Scandal after scandal has occurred in the Immigration portfolio, to the point where we are almost de-sensitised to the headlines.
A National Government will give the Immigration Service a major, top to bottom, overhaul, and roll the Service into a new Ministry that draws together the functions of the Immigration Service and the Citizenship role of the Ministry of Internal Affairs.
A National Government will ensure we treat the task of deciding who gets to be a New Zealander with the seriousness and professionalism it deserves.
The concerns I have alluded to today – about taxation, welfare, education, law and order, immigration, and health – are to the forefront of the National Party’s agenda. They are also to some extent on the agendas of the other parties of the centre-right, and that gives me real confidence in our ability to see these issues addressed by a National-led Government.
Finally today I want to promise New Zealanders a different style of political leadership after 17 September.

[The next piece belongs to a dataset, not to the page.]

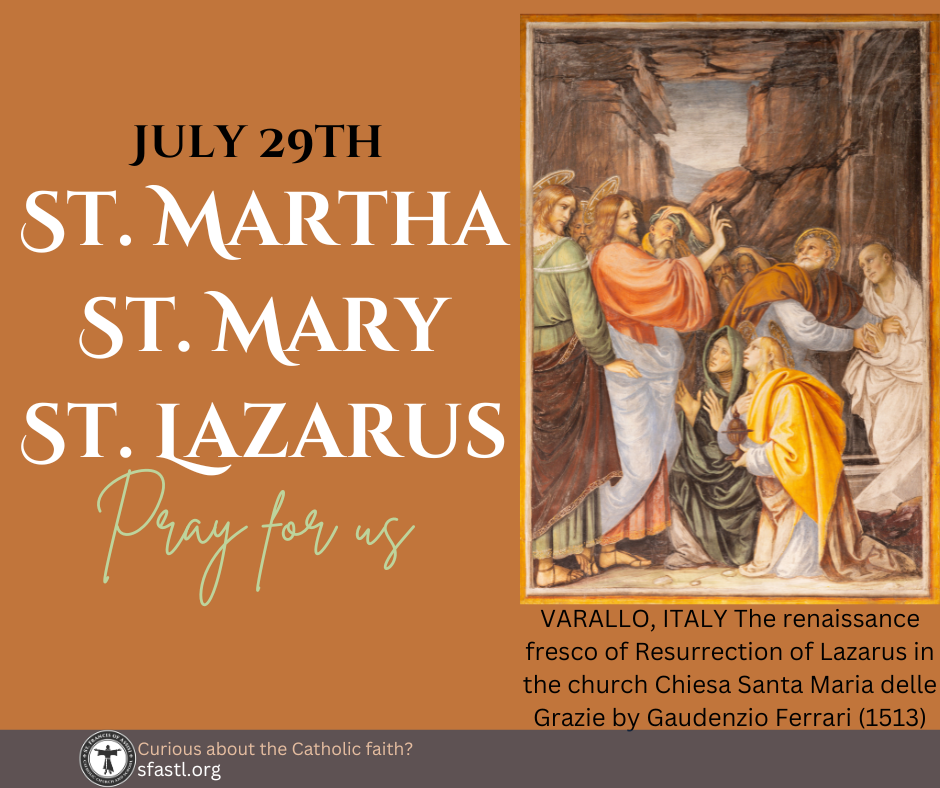 Sts. Martha, Mary and Lazarus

Over recent weeks, Helen Clark and her senior Ministers have attempted to make much of my relative lack of Parliamentary experience – even though it is about the same as that enjoyed by Bob Hawke before he became Prime Minister of Australia.
Well I have two things to say about that:
Last time I saw one of those polls measuring public respect for various occupational groups, politicians were giving used car salesmen and mad axe murderers a run for their money somewhere near the bottom of the list!
So I feel no particular anxiety about being excluded from that assessment.
But if my opponents are, by referring to my Parliamentary experience, suggesting that I might, as Prime Minister, do things differently from the incumbent, then my answer is: Absolutely, yes.
If the public of this country accord me the privilege of serving as Prime Minister after September 17, things will be different.
Very, very different.
For a start, if my ministerial limousine is travelling at 160 kilometres an hour, I promise I will notice.
And if I sign a painting, it will be because I painted it.
I promise to end the era of government by smoke and mirrors, and the rule of the Beehive spin merchants.
I promise an end to the creeping, some would say galloping, political correctness which has overrun our ship of state.
And I promise that when something goes wrong, it won’t always have been the officials’ or the driver’s fault.
I promise you a government of mainstream New Zealanders, for mainstream New Zealanders.
I may not have started the debate in this country over the place of the Treaty of Waitangi, but I think it would be fair to say that I did nudge it along a bit.
And if I am elected to the office of Prime Minister, I will use every ounce of energy in my body to see us create a country in which all New Zealanders, regardless of their ethnicity, are treated as equals before the law, and in which the historic Treaty claims are settled with speed, with fairness and with dignity.
My vision is of a country in which we all, regardless of background, regardless of race, can find our own land of opportunity, not through the endless re-interpretation of a document signed in a different time and for a different purpose, but through an understanding that we have a shared future, a common stake in this great land of ours.
If you want the continuation of a politically correct, social engineering, arrogant government, which has done nothing to improve our growth rate or stem the exodus of Kiwis to greener pastures abroad and which believes it can spend your money better than you can, I suggest you don’t vote National.
But if you share our vision of what New Zealand could become – a country with living standards at least equal to those in Australia, where every child gets the very best education of which they are capable, where those who need help from government get it but those who don’t need it stand on their own two feet, where eliminating crime is taken seriously and where every person is equal before the law – then know that the National Party stands ready to deliver the policies to make that future a reality.
On 17 September, I invite all New Zealanders to join us on that journey.